Jury selection began Monday in the trial of Steve Bannon, a one-time top adviser to former President Donald Trump. He is facing criminal contempt of Congress charges after refusing for months to cooperate with the House committee investigating the Jan. 6, 2021, Capitol insurrection.
Bannon is charged in Washington's federal court with defying a subpoena from the Jan. 6 committee that sought his records and testimony. He was indicted in November on two counts of criminal contempt of Congress, one month after the Justice Department received a congressional referral. Each count carries a minimum of 30 days of jail and as long as a year behind bars.
By early afternoon, eight jurors had been seated in a slow-moving process known as voir dire. Much of the questioning of potential jurors by Bannon's lawyer, Evan Corcoran, centered on how much of the Jan. 6 hearings they've watched and whether they have opinions about the committee and its work.
In one case, a prospective juror flatly told U.S. District Judge Carl Nichols that remaining impartial would be "a challenge" for him since, "I do believe (Bannon) is guilty."
That admission, in addition to disqualifying the potential juror, prompted questioning of others who had sat next to the man to determine how widely he had shared his opinion.
The trial follows a flurry of activity in the case since July 9. Over a week ago, the former White House strategist notified the committee that he is now willing to testify. His former lawyer, Robert Costello, said the change was because Trump had waived his executive privilege claim from preventing the testimony.
Bannon, 68, had been one of the most prominent of the Trump-allied holdouts in refusing to testify before the committee. He had argued that his testimony was protected by Trump's claim of executive privilege, which allows presidents to withhold confidential information from the courts and the executive branch.
Trump has repeatedly asserted executive privilege — even though he's a former, not current president — to try to block witness testimony and the release of White House documents. The Supreme Court in January ruled against Trump's efforts to stop the National Archives from cooperating with the committee after a lower court judge — Ketanji Brown Jackson, now on the Supreme Court — noted, in part, "Presidents are not kings."
The committee has also noted that Trump fired Bannon from the White House in 2017 and Bannon was thus a private citizen when he was consulting with the president in the run-up to the riot.
Judge Nichols declined motions to delay the contempt trial in separate hearings last week, including Thursday when Bannon's lawyers raised concerns about a CNN report that has since aired about their client and what they said were prejudicial comments made during a hearing last week held by the House committee.

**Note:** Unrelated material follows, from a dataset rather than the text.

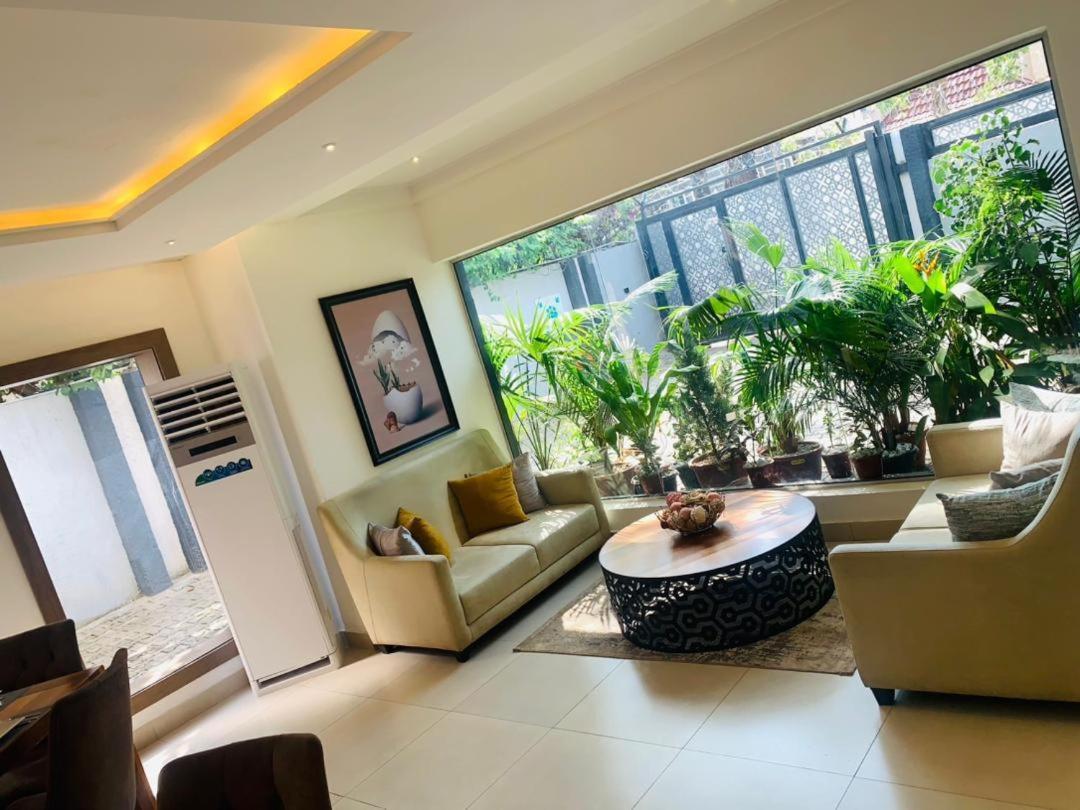 Swiss Pearl Continental Suite Wupa Bagian luar foto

"I am cognizant of current concerns about publicity and bias and whether we can seat a jury that is going to be appropriate and fair, but as I said before, I believe the appropriate course is to go through the voir dire process," Nichols said Thursday. The judge said he intended to get a jury that "is going to be appropriate, fair and unbiased."
While the judge allowed the trial to move forward, Nichols left open the possibility that the letters about Trump waiving his privilege and Bannon's offer to cooperate with the committee could be referenced at trial, saying the information was "at least potentially relevant" to Bannon's defense.
Roscoe Howard Jr., the former U.S. attorney in Washington, said the best case for Bannon is if the information on his cooperation offer gets to the jury. Even if it does, however, a claim that executive privilege stopped him from cooperating earlier will be a hard argument to make because Bannon refused to answer the subpoena, Howard said.
"You have to show up to invoke the privilege claim. You can't phone it in," he said.